# Early splits



## SmokeEater2 (May 10, 2011)

You're right, This is a great time of year for a bee keeper! By the time spring weather comes around I'm as anxious to get to work as the girls are.  I've added supers to mine and the bees are working like mad. I'm getting to split a couple of my hives too,Just as soon as the high winds take a break for a day or so.


----------



## CaBees (Nov 9, 2011)

After you put your supers on do you all stay out of the hives? Or do you take the super off to get to the bottom to see what is going on?

Also, do you wait until the hive is almost full before putting on a super? Or around 75% full? thanks!


----------



## hoodswoods (May 15, 2009)

I think it is all driven by multiple factors - some hives I will double their space in one setting, others I wait for that overload sign or try to pump up their volume with brood and egg frames then ween them along, weather and stores.
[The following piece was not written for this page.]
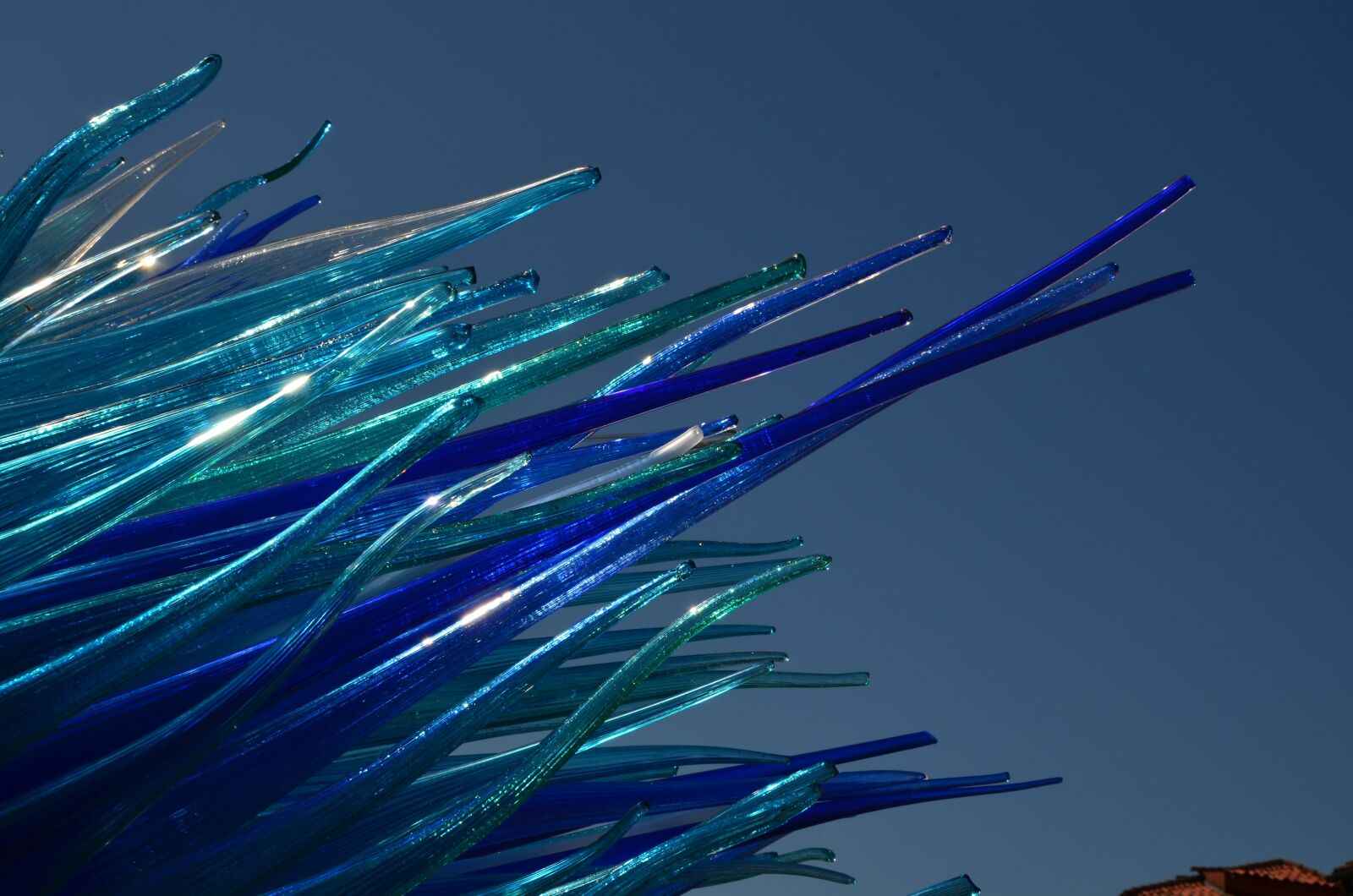 Nikon D5100 sample photo. Outdoors, sky, glass photography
At this time of year, I want to be sure that brooding is #1 before supering. Once I start supering for honey, I don't do a lot of brood management, here in the south with a lot of pests, I try not to give them more than they can defend. - 75% would work for me on a strong hive.


----------



## BugBoy (Mar 16, 2011)

This is a great post, I had an opportunity to inspect my hive briefly today thanks to the great weather. I removed two frames in the upper box to check for brood and honey stores, couldn't see any signs of brood, 30% honey store, but I did notice the huge number of bees! At least a hundred or two on each frame... so I'm wondering, should I make a split? This is my first overwintered hive.


----------



## Adrian Quiney WI (Sep 14, 2007)

Bugboy, wait until May and reassess. It is too early for us Midwesterners to contemplate a split. Right now winter is still here. In a couple of months time you'll have a better idea.


----------



## BugBoy (Mar 16, 2011)

Adrian Quiney WI said:


> Right now winter is still here. In a couple of months time you'll have a better idea.


Good call. Thanks for the advice! Looking forward to this year. *anxious*


----------



## avesterfelt (Jan 31, 2012)

Ca, I will take the supers off id I need to get in the brood boxes; however if I don’t see any problems up top, I just stay out. As far as when I put them on, I agree that it depends on qty of brood. I want a good working force before I put on the supers and of course a good flow, so it takes some watching to find out when the right time is. I would not let them go past 75% since a good queen can fill that up in just days with brood.

Bugboy, I second what Adrian said; it is too early for you to be doing a split. I have family up there and they don’t typically do anything till May. I would not normally do anything until the end of this month; however the bees were telling me to split now, so I did. Still too early for you.


----------